Da gab ihm Lottchen einen Schub, daß er auf das Fräulein fiel und sie zur Erde riß. Nachdem sie sich wieder aufgerappelt hatte, sagte sie:

„Lottchen, ich will und muß wissen, wie ein Kuß schmeckt!“

Da ergriff Lottchen den Jungen beim Kragen und drückte seinen Mund auf den des Edelfräuleins; er wollte aber nicht küssen. Jetzt ward Lottchen ärgerlich, zog eine Nadel aus dem Latz und stach damit den Jungen in den [16] Buckel. Das that ihm weh, und das Edelfräulein hatte ihren Kuß weg.

„Lottchen, das schmeckt!“ rief sie vor Vergnügen;

„Stich, Lottchen, stich!
Stich, Lottchen, stich!
Und wenn du für tausend Thaler Nadeln verstechen solltest!“

Und Lottchen stach auch, und jedesmal, wenn es stach, gab der Junge in seiner Angst dem Edelfräulein einen Kuß. Aber lange dauerte die Freude nicht, denn die Alte kam an dem Fenster vorbei; und sie mußten schnell machen, daß sie den Jungen wieder in die Küche bekamen.

„Nun, ist er unnütz gewesen?“ fragte das Mütterchen.

„Nein, er ist so artig und still gewesen, daß es eine Freude war,“ antwortete Lottchen.

„Das sagte ich dir ja,“ sprach die Alte, „wenn man ihn nicht schuppst, so rührt er keinen Fuß vor den andern.“

„Das hab’ ich vernommen,“ dachte Lottchen bei sich, sagte es aber nicht laut; doch das Mütterchen nahm ihr Enkelkind bei der Hand und ging mit ihm aus dem Schlößchen heraus.
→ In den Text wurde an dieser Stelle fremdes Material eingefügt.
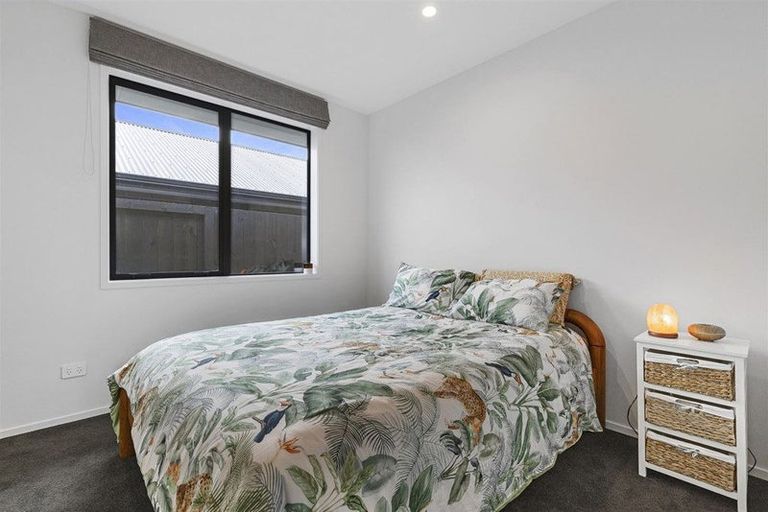 Photo of property in 16 Morrin Street, Morrinsville, 3300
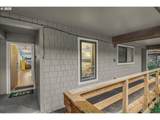 1000 Bay Blvd - Photo 17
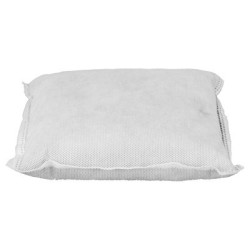 LOCKDOWN SILICA GEL 450G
Als sie draußen waren, rief der Graf vergnügt: „Mütterchen, das Haus ist dein, und alles, was ich dir gestern versprochen habe, halte ich fest und will dir noch zehnmal mehr geben, als ich gesagt habe.“ Und vor Freude schritt er so schnell aus, daß die Alte ihm kaum nachkommen konnte.

[17] Als der andere Tag kam, ließ er wieder sein Roß satteln und ritt zur Stadt. Am Fenster saß das Edelfräulein; und wie es den jungen Grafen vorbeireiten sah, rief es ihm höhnisch zu:

„Purr, Rappe, steh!
Purr, Rappe, steh!“

Da antwortete der junge Graf lachend:

„Stich, Lottchen, stich!
Stich, Lottchen, stich!
Und wenn du für tausend Thaler Nadeln verstechen solltest!“

Das Edelfräulein schlug das Fenster zu und fuhr zurück, als wenn’s eine Natter gestochen hätte, und schämte sich so sehr, daß es sich nur noch in der Hinterstube aufhalten mochte; denn jetzt merkte es wohl, wer das dumme, einfältige Enkelkind der alten Bettelfrau gewesen war. Eine Zeit lang fraß die stolze Jungfrau ihren Gram in sich, dann konnte sie das Elend nimmer mehr ertragen und schickte Lottchen auf das Grafenschloß, daß es den Herren bäte, ob er nicht einmal, als Gärtner verkleidet, hinunter in das Schlößchen kommen wolle. Der junge Graf ließ sich nicht lange bitten und kam.

„Du hast gemacht, daß ich mich nicht mehr unter den Leuten sehen lassen darf,“ sprach sie weinend.

„Warum nicht gar?“ antwortete der junge Graf. „Hab’ ich nicht meinen Rappen auf dein Geheiß dreimal unter den Schwanzriemen geküßt? Trotzdem lass’ ich mich überall sehen und hab’ dich noch immer so lieb, wie zuvor.“

[18] „Dann will ich dich auch,“ sprach das Fräulein und fiel ihm um den Hals. Und als der arme Edelmann von seiner langen Reise in das kleine Schlößchen zurückkehrte, gab er ihnen seinen Segen, und sie feierten eine vergnügte Hochzeit; und wer mit dabei gewesen ist, dem ist der Mund noch darnach lecker.